Keine Eissterne am Fenster, keine Schneeengel im Garten, kein Duft frisch gebackener Bratäpfel im Haus. Statt heimeliger Dörfer in besinnlichen Adventsgeschichten nur Großstadthektik, müffeliges Shopping-Gedränge und verstopfte Straßen. Zum klebrigen Glühwein bei lauwarmen Nieselregen gesellt sich auf dem Weihnachtsmarkt das mulmige Gefühl der Furcht vor Anschlägen und Handtaschenklau.

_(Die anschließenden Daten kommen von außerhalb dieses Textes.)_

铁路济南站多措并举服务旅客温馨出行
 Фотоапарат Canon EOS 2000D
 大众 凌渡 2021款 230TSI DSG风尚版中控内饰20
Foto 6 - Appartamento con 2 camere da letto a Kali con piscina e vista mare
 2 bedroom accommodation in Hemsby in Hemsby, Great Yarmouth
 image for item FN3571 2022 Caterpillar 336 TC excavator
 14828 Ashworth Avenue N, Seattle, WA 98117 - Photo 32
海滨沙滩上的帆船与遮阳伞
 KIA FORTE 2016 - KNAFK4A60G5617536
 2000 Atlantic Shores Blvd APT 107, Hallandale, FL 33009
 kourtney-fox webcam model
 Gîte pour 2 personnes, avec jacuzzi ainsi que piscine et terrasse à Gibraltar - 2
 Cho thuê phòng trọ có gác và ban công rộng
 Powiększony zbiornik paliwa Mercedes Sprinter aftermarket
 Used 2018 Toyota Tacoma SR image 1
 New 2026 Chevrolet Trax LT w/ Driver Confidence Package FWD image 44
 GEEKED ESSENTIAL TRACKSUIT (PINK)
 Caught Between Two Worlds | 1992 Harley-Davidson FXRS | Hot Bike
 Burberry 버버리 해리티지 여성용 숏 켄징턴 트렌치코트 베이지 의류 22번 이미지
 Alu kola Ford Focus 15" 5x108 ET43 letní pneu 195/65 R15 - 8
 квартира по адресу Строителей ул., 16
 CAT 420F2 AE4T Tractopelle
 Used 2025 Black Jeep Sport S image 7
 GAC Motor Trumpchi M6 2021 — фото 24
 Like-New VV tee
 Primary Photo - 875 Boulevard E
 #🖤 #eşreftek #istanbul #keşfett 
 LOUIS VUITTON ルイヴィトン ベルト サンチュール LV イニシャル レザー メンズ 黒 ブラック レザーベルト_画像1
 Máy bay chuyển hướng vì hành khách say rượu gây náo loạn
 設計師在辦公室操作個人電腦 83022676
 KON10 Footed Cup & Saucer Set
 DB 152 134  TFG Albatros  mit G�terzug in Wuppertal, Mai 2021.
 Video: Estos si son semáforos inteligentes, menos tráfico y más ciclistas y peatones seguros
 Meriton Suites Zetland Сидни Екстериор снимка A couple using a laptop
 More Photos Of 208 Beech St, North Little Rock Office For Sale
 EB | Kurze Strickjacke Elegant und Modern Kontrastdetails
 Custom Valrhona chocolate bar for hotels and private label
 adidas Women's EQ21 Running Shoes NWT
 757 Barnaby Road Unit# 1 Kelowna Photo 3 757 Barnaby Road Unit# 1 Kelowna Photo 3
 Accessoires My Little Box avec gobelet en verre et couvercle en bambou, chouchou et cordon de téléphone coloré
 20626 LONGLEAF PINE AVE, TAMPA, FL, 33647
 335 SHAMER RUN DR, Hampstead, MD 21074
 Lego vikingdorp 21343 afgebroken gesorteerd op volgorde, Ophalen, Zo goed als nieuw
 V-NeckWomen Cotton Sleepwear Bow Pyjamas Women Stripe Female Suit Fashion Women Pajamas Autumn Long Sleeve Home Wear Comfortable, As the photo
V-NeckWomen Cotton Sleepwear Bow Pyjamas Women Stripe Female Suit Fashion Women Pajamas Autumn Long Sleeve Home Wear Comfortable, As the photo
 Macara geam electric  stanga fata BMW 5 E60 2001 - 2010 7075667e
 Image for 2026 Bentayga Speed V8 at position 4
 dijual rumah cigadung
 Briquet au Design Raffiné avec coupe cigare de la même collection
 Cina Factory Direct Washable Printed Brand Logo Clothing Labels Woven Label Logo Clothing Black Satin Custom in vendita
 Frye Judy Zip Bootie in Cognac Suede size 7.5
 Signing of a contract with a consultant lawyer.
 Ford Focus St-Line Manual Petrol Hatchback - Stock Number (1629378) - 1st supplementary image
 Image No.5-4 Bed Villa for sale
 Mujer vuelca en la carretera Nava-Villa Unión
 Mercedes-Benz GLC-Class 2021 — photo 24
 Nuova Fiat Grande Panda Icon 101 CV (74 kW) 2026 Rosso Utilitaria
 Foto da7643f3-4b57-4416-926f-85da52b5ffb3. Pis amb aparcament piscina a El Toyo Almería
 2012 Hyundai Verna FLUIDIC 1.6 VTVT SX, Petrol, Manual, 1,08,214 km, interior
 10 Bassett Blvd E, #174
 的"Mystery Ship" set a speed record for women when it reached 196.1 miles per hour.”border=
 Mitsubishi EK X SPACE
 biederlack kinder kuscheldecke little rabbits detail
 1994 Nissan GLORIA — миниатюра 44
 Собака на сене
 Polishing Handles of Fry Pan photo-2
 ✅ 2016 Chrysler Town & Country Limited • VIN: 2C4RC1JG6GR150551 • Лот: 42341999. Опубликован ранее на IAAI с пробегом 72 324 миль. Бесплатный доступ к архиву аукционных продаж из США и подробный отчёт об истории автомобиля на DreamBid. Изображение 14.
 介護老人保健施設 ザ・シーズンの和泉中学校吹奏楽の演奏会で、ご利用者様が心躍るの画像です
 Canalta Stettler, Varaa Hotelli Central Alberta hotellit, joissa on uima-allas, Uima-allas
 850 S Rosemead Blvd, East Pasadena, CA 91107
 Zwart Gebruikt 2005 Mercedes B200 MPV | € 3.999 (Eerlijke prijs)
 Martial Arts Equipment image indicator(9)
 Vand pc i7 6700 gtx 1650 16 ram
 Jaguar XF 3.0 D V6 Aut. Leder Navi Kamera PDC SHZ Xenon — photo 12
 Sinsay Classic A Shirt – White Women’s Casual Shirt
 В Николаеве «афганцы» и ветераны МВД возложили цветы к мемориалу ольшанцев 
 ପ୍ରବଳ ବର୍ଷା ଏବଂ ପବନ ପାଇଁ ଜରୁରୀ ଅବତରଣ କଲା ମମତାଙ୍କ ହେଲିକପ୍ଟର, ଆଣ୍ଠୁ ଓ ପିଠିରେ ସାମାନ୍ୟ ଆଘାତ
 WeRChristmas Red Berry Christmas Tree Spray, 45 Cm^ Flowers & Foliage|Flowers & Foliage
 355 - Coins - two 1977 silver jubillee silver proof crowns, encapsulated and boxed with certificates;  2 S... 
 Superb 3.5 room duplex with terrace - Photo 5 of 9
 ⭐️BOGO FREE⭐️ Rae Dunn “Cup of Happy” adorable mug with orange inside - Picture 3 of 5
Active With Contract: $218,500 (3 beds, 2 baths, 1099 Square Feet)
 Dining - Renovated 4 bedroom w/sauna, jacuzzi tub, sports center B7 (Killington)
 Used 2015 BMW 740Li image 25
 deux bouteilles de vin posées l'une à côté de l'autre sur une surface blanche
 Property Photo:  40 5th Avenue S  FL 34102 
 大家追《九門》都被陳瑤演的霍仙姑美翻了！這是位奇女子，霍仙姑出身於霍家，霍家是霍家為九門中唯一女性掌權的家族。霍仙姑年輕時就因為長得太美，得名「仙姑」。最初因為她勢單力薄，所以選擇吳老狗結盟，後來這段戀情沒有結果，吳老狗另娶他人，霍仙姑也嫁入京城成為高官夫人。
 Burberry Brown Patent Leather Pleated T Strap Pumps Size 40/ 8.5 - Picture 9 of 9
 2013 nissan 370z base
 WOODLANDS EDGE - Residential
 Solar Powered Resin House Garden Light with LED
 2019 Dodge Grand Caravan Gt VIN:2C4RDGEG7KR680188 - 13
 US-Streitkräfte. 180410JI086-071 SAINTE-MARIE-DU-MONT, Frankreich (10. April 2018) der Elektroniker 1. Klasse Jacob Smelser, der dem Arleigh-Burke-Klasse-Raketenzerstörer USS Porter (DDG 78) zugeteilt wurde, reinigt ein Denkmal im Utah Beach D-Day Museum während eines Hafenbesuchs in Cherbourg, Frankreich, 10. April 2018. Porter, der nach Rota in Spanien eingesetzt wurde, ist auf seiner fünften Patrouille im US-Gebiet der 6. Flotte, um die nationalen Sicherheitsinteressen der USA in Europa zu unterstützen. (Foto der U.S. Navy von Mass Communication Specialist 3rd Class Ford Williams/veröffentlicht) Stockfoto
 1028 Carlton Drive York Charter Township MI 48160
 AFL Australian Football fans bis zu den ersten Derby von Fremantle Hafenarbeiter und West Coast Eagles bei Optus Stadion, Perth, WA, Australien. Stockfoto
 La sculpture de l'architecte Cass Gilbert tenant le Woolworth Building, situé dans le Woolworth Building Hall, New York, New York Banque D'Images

Ja, Weihnachten ist immer um die gleiche Zeit und ja, die Supermärkte erinnern einen bereits seit den letzten Sommertagen daran. Und trotzdem mag sich das freudige, kribbelnde Vorweihnachtsgefühl aus Kindertagen nicht so recht einstellen, sondern eher ein „Huch, schon wieder 1. Advent?“ Die Medien überrollen uns mit beschaulichen Weihnachtsvisionen, schüren Begehrlichkeiten, predigen Familienharmonie und Geschenkesegen. Das erzeugt einen Erwartungsdruck, der nicht zu erfüllen ist; das beginnt bei dem Wunsch nach weißer Schneepracht und endet in einer sinnlosen Konsumschlacht. Doch wieso den Stresspegel unnötig hochfahren? Advent bedeutet warten, sich vorzubereiten, und nicht, medial inszenierten Erwartungen nach zu hetzen. Ursprünglich, also im 4. Jahrhundert, verbrachten die Christen die Adventszeit mit Warten, Fasten und einer Fülle an guten Taten. Es wäre einen Versuch wert, dies neu zu interpretieren. Zum Beispiel mal Smartphone und Flimmerkiste ausschalten und stattdessen in einem Seniorenheim vorlesen. Oder sich bewusst rausnehmen aus der alltäglichen Bürolästerei und dem bedenkenlosen Konsumrausch. Dafür die Lebkuchenherzen mit den anderen Wartenden an der Haltestelle teilen. Nicht an Kassenschlangen warten, sondern zuhause darauf, dass der Tee durchzieht. Vielleicht brennt dabei die Kerze mit Bratapfelduft, vielleicht setzt sich unerwartet die erste Schneeflocke am Fensterrahmen nieder. Vielleicht wälzen sich Kinder vorm Fenster kichernd im Laub, fast als würden sie Schneeengel formen…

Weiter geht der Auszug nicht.